The physical stress vessel operators experience can be significant. The faster the boat, the more likely the physical harm to the driver.

“If your seat isn’t designed to take abuse, you might be the one taking the abuse,’’ Pletscher said. “Traveling even at moderate speeds without seat suspension can cause cumulative back and neck/pain injuries. Wave shock impact can be unforgiving, and over a long enough period, it can leave you debilitated and unable to take the boat out whatsoever.”

The test engineers face in designing seats is creating a suspension system that maintains stability but also reduces friction and allows for some latitude in movement.

“The biggest challenge is keeping things as tight as possible but also moving as freely as possible,’’ Pletscher said. “The way to make a good suspension system is to reduce the friction in it. But when you reduce the friction, you also need to keep it tight enough and reduce slop. The biggest challenge is weighing those two. We must keep things tight enough so that the seat is not sloppy but also keep it free enough so that you can get better performance out of your seat. It’s a balancing act.”

The other critical challenge was identifying products that can withstand corrosion in a saltwater environment and remain durable under the stress of high-impact movement.

Designing shock-mitigating seats requires knowing the tolerances of the materials used. The components need to work as a cohesive unit.

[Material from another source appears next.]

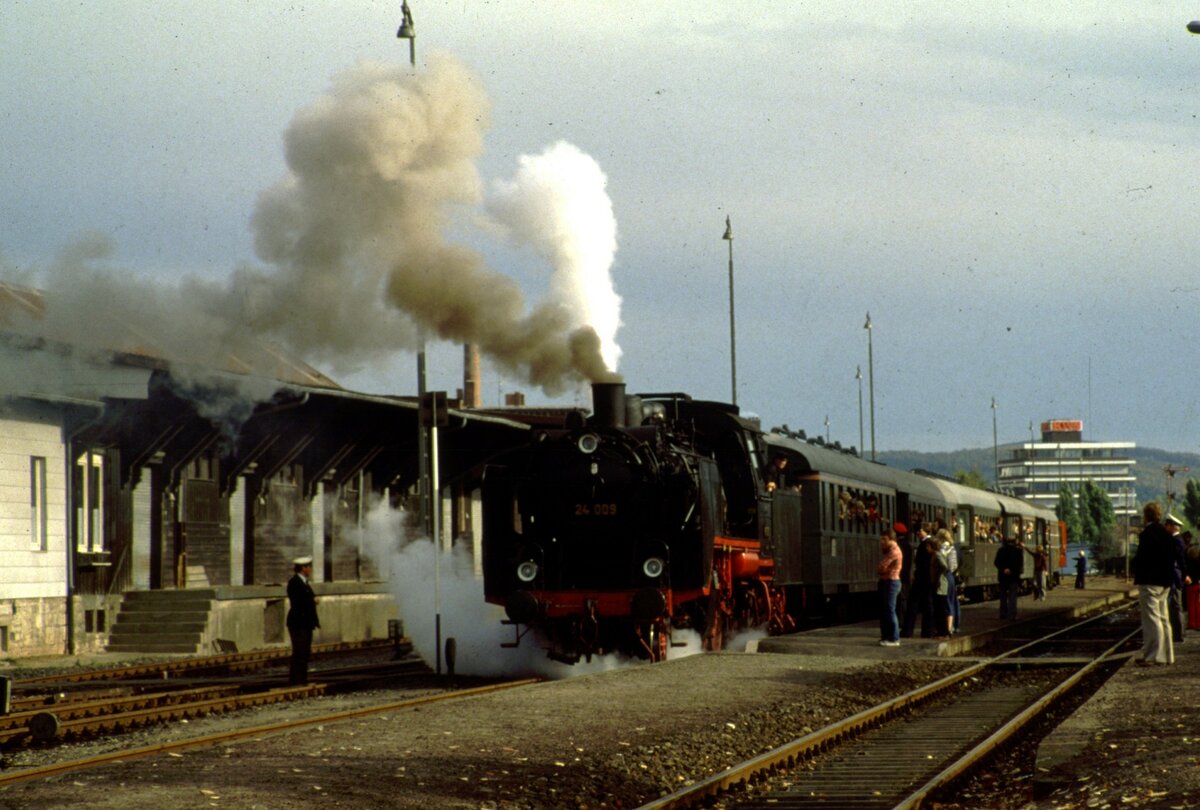 24 009 mit Sonderzug in Einbeck im September 1977.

“You need to be very careful with the components,’’ Pletscher said. “When you have components that interact with each other, you have to look at machining tolerances, minimums, and maximums for all the components that touch each other. You have to make sure there’s no interference because you can’t have two things occupy the same space at the same time, or else they’ll be jammed together.”

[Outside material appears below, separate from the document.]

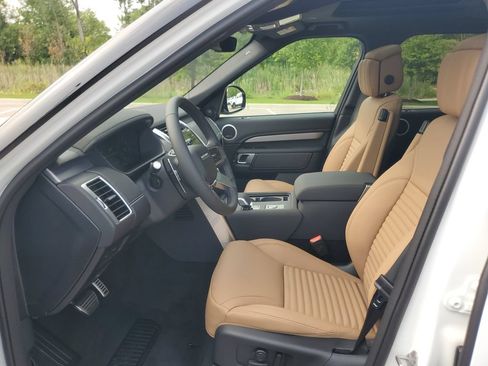 New 2026 Land Rover Discovery Dynamic SE AWD/4WD image 12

Tolerances that are too tight would create rigidity and lead to friction. Components that are too loose will result in instability of the seat. Finding the precise values required painstaking research and testing.

“We spent a lot of time on the design side to make sure that we have the absolute minimum clearances between components while taking the manufacturing tolerances into consideration,’’ Pletscher said. “Then we look at components that are easier to manufacture at tight tolerances to help reduce the overall stack up, which is basically the addition of gap components.”

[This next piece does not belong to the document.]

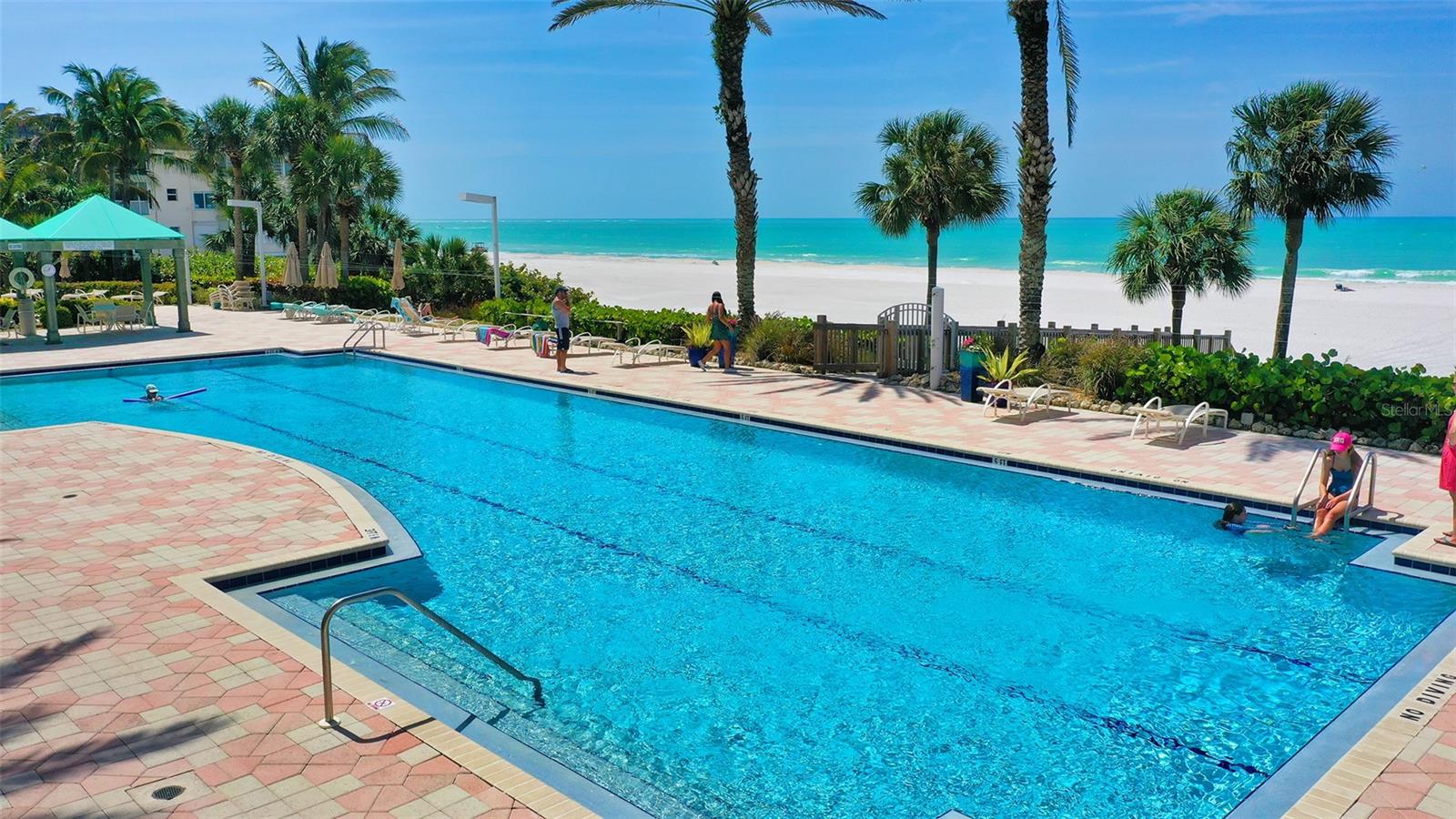 1800 BENJAMIN FRANKLIN DR #B208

SHOCKWAVE solved issues with corrosion and tolerance preferences with support from igus, the manufacturer of high-performance plastics. Components from igus support suspension with limited friction and moisture absorption while also allowing for vertical and horizontal seat adjustments. Nearly 38,000 bushings from igus are used annually by SHOCKWAVE.

The company uses bushings and linear guides from igus, a Germany-based manufacturer of high-performance plastics. More than 5,000 seats installed on vessels operated by the U.S. Coast Guard use SHOCKWAVE seats. (Image: SHOCKWAVE)

“On our high-volume product line, the main issue we tried to solve was to get a bushing that didn’t swell when it’s exposed to water,’’ Pletscher said. “We wanted a bushing that could handle high loads but was also dimensionally stable so that the tolerances could be tight enough while also keeping the cost down.”

Linear guides from igus are used primarily in SHOCKWAVE’s commercial and military products. The guides are corrosion-resistant, durable, and like all igus products, maintenance-free and require no lubrication.

“A lot of the linear cars that exist on the market have steel balls inside the mechanism,’’ Pletscher said. “If you want to keep the profile low, you need some space because the steel ball can’t touch two surfaces at the same time. They’re not going to work properly. The igus slides don’t have any steel components, so corrosion is not an issue. And there are no rolling mechanisms. That allows for a lot tighter tolerances so that you don’t have that slop in the seat where it’s rocking from one side to the other.”

The genesis of SHOCKWAVE’s shock-mitigating seats developed when company founder and CEO David Smith cruised from Victoria, B.C. to Glacier Bay, Alaska in 2002. With seats that included igus components on board, Smith breezed down Canada’s Pacific Coast in only 10 hours, setting a speed record in the process, with far less physical stress compared to previous long seafaring journeys.